Dataset extract below:
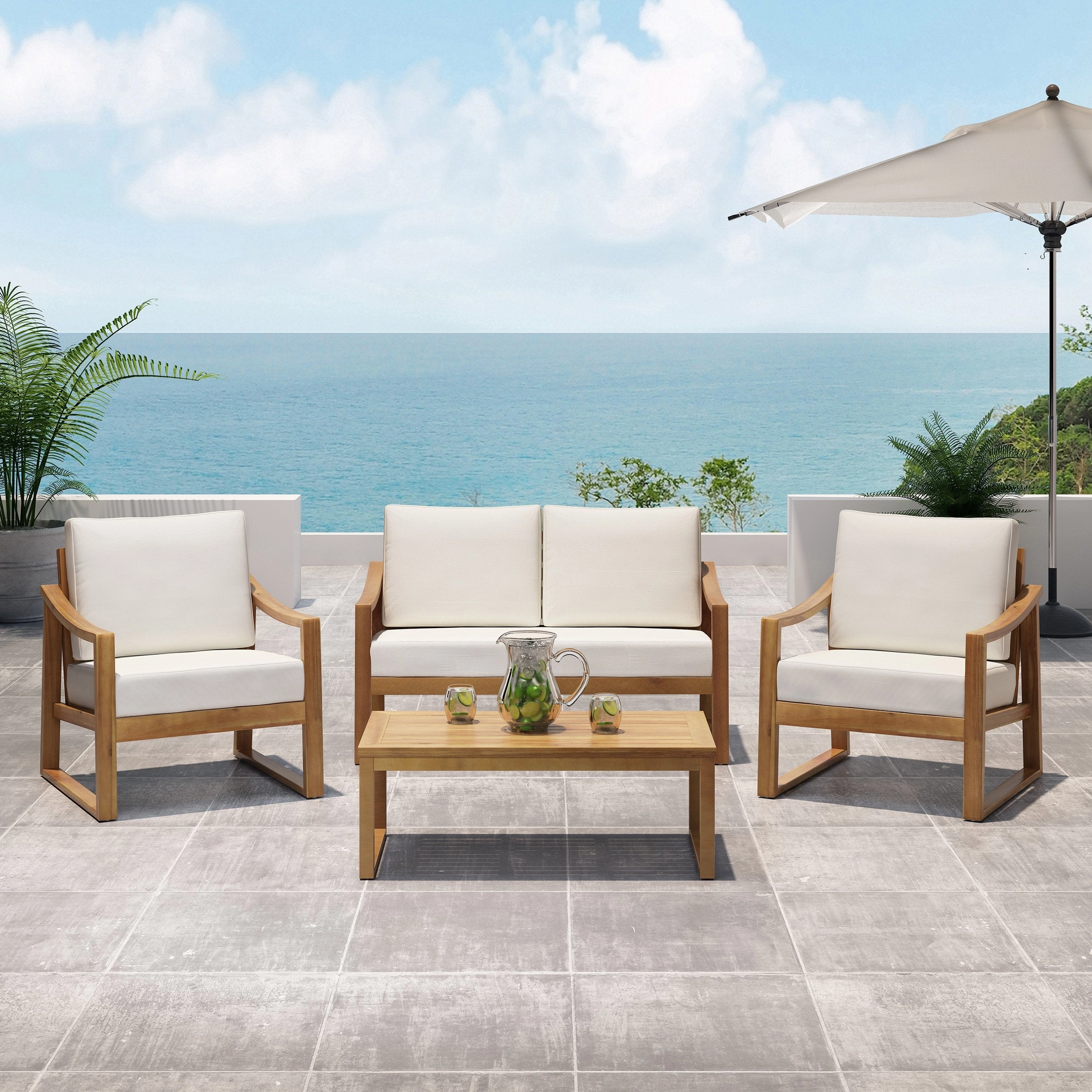 Outdoor 4 Seater Acacia Wood Chat Set with Water Resistant Cushions - NH359213 clothes rack, garment rack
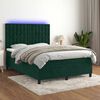 vidaXL Cama box spring colch&oacute;n y LED terciopelo verde oscuro 140x190cm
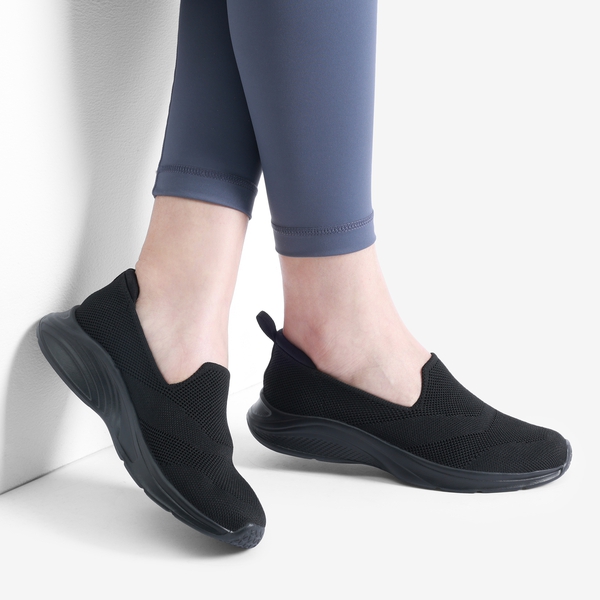 Lightweight Knit Slip on Walking Sneakers - ALL BLACK - 1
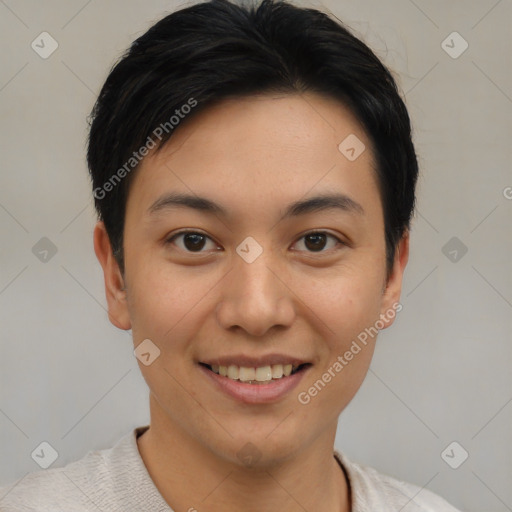 Joyful asian young-adult female with short  brown hair and brown eyes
End of Dataset extract.
Take the lines from the one holding "vidaXL Cama box" through the final line of the listing above and copy them exactly, both ends included, with no pictures.

 vidaXL Cama box spring colch&oacute;n y LED terciopelo verde oscuro 140x190cm
 Lightweight Knit Slip on Walking Sneakers - ALL BLACK - 1
 Joyful asian young-adult female with short  brown hair and brown eyes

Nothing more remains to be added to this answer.